### WHAT IS NEEDED
Transcribe word for word the lines below from the line with "Aficionados do Tigres" through the line with "Image 6 of irenevon", ends included.
Segment Start: RECORDS FOR THIS EXERCISE
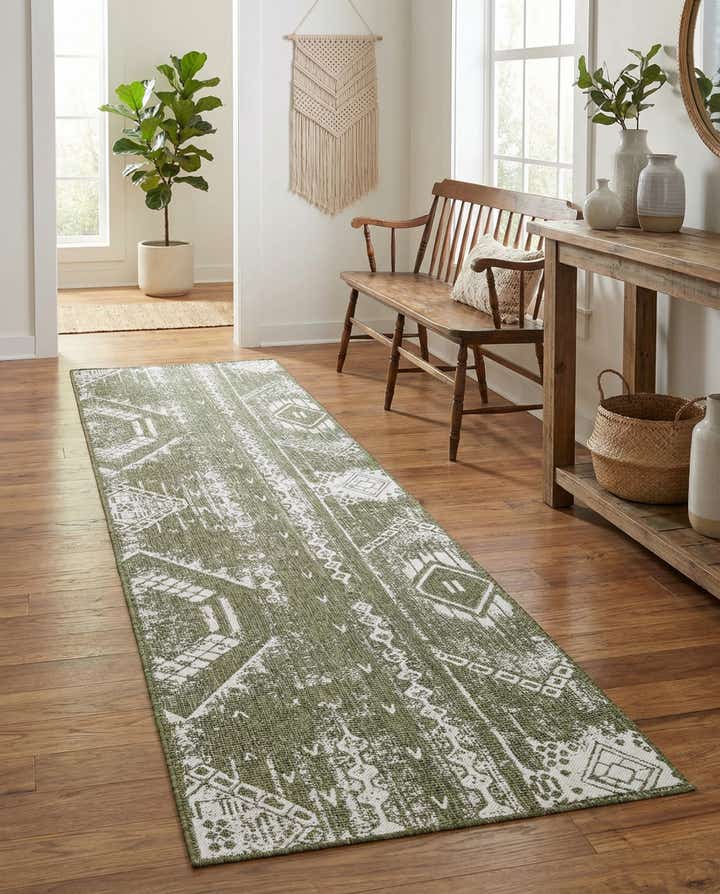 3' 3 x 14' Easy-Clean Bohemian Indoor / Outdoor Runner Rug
Segment End: RECORDS FOR THIS EXERCISE
Segment Start: RECORDS FOR THIS EXERCISE
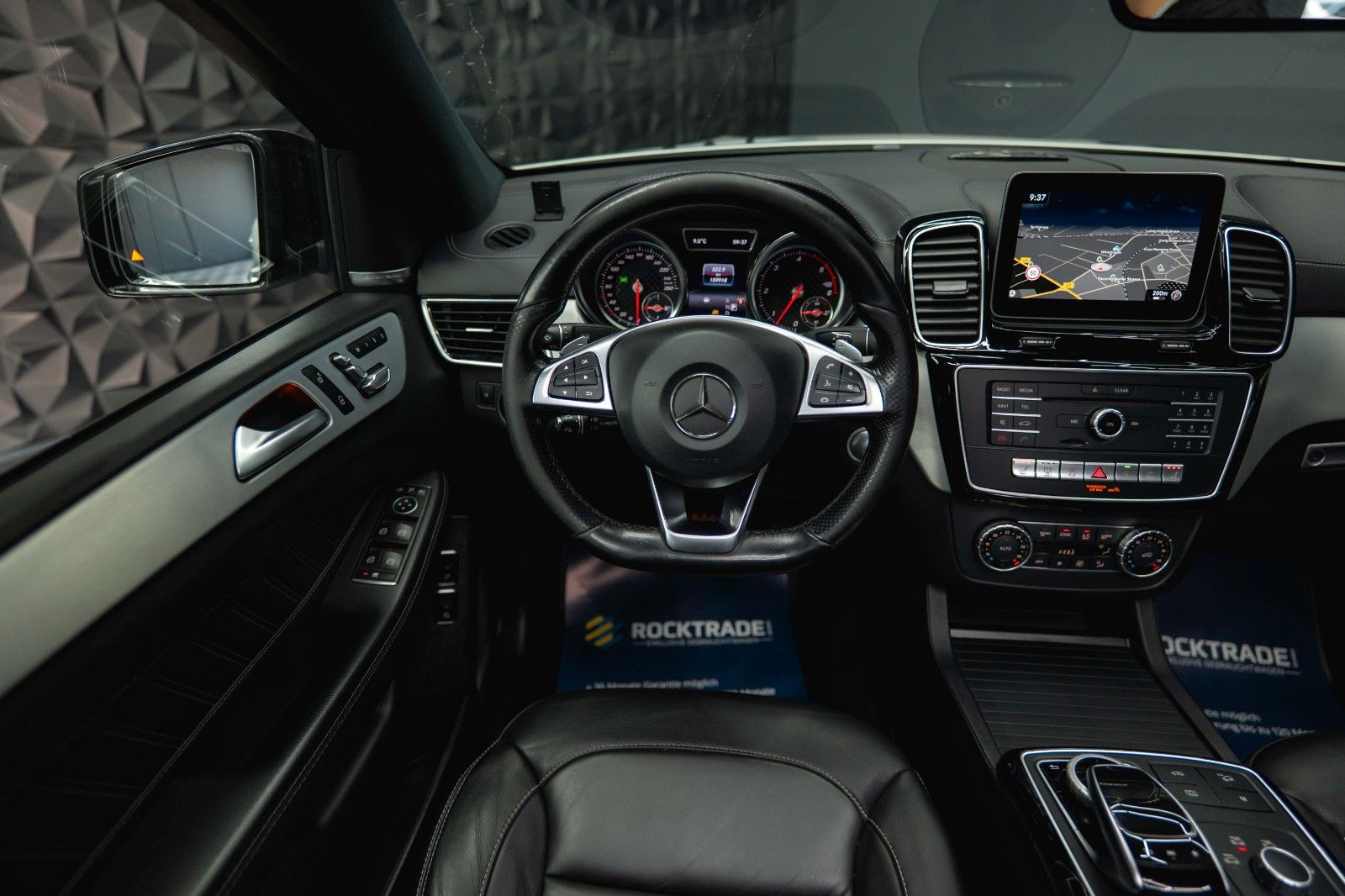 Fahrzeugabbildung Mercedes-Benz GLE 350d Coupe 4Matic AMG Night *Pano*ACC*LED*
Segment End: RECORDS FOR THIS EXERCISE
Segment Start: RECORDS FOR THIS EXERCISE
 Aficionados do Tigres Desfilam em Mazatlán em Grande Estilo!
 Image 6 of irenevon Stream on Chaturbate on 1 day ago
Segment End: RECORDS FOR THIS EXERCISE
### WRITTEN REPLY
 Aficionados do Tigres Desfilam em Mazatlán em Grande Estilo!
 Image 6 of irenevon Stream on Chaturbate on 1 day ago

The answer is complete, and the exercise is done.